Junk Science, the QWERTY Effect, Google Privacy and More

Yet more chronic junk science in the cosmetics industry, this time from Clarins. Plus the QWERTY effect, smartphone conversion rates and Google Privacy. Here’s some news from the amazing world of marketing.

Clarins’ junk science – Breaking nonsense

Clarins cosmetics are very expensive. Fair enough, if that’s what floats your boat. But that’s no excuse for descending into the realms of unscientific nonsense.
Their Instant Light make-up range carries an extraordinary message. Apparently the ‘3D Radiance pigment’ it contains optically ‘splits’ light into three dimensions to enhance facial beauty. The quotation marks around the word ‘splits’ are a mystery, as is the exact nature of the dimensions the light is split into and the split light’s ability to ‘enhance facial beauty’. In short, it’s nonsense. It’s high time the cosmetics industry stopped fibbing.

The weird power of the QWERTY effect

Did you know the layout of the QWERTY keyboard influences how people feel about certain words? Apparently we feel a whole lot more positive about words that major on letters from the right hand side of the keyboard. The effect takes in letters y, h and n onwards, moving right, and has been noticed in both English and Dutch speakers.
There’s more. It looks like baby names with more letters from the right hand side of the keyboard became a whole lot more popular after the 1960s, when the QWERTY keyboard went mainstream. Odder still, the effect seems to be widespread right across the internet. Positive online reviews contain more letters from the keyboard’s right hand side than the left. On the other hand products with names that contain more letters from the right side of the keyboard don’t display the effect.
Why do we tend to prefer words containing more right hand letters? Nobody knows. Can you harness it for marketing? No idea. But the challenge of working out which words major on left hand letters probably precludes taking advantage… unless someone creates an algorithm to suggest right hand alternatives to lefty words.

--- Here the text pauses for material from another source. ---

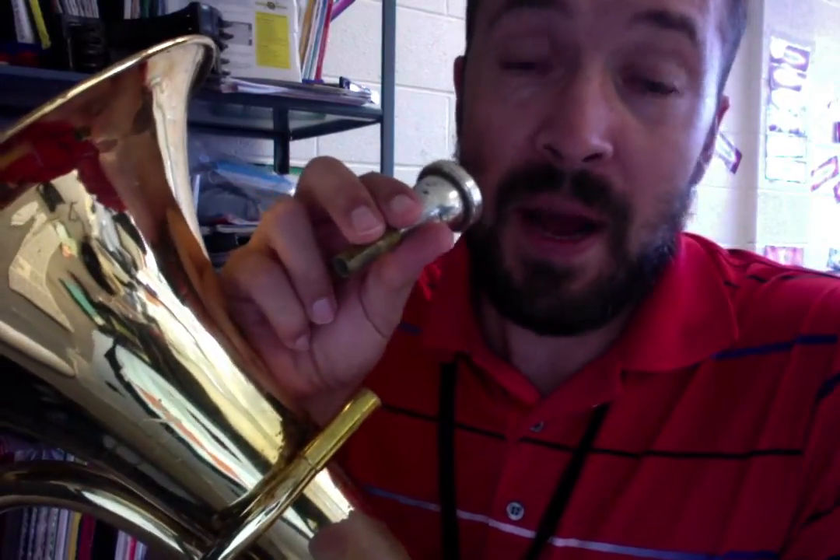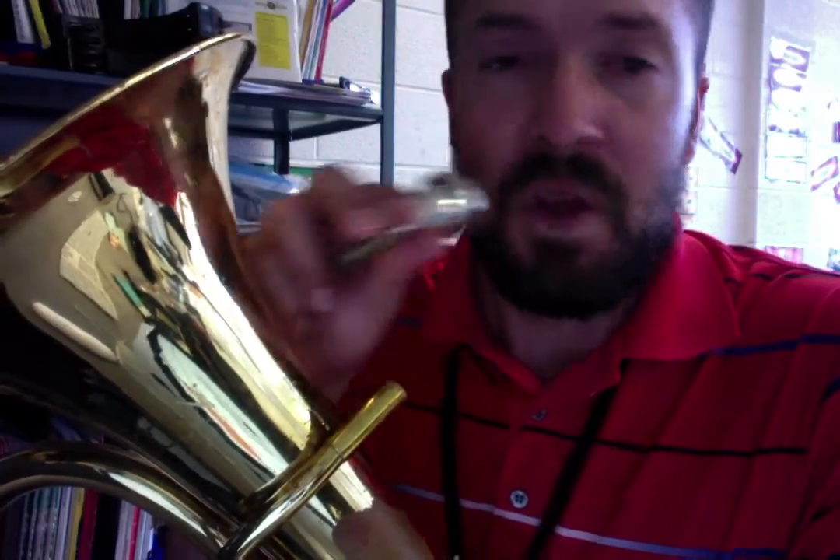You can make a higher sound by using faster air and having your lips closer together. You can make a lower sound by loosening your lips and using slower air. Remember to take a big breath out of the corners of your mouth — that's one of the most important things to set you up for success, so when you go to play, you can play high and low. Good luck.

More people buying stuff via smartphones

Like many people I tend to research products on my smartphone and actually do the buying bit on my desktop. I do it because the smartphone screen is too small to see the fine detail of the items I’m buying, I don’t feel smartphones are intrinsically secure enough for financial transactions, and because apps just don’t contain enough detail to drive an informed buying decision. The Ebay app for Android, for example, feels pretty thin compared to the wealth of choices, filters and information you get on the desktop site.
It looks like things might be changing, according to Marin Software. They’ve discovered search conversions on smartphones up 10% on last year, display conversions up 26%, clicks up 13% and impressions up 10%. And they reckon mobile social conversions will be up 50% by the end of 2016. It looks like shopping on smartphones is on the way to becoming the norm.

Google privacy takes one step forwards, two steps back

At last, Google has taken data protection concerns to heart. On the rare occasions I use Chrome, I get the following message:
To be consistent with data protection laws, we’re asking you to take a moment to review key points of Google’s Privacy Policy. This isn’t about a change that we’ve made – it’s just a chance to review some key points. We’ll need you to do this in order to continue using Google services.
Hm. Okay. So I go through the process, disagree with their data use statement, click ‘other options’ and turn off all the ways in which they want to use my data to inform my search results. So far, so good. Then I find out that for Google to remember my preferences I have to stay signed into my Google account. Aha, so that’s the catch.
Ideally I would like to be able to choose my options using one simple statement: Is it OK for Google to use your data, yes or no? And I don’t want to have to stay signed into my Google account to make it happen. It’s a start, but not a very good one. So I’m sticking with Firefox’s Private Window option, so much simpler.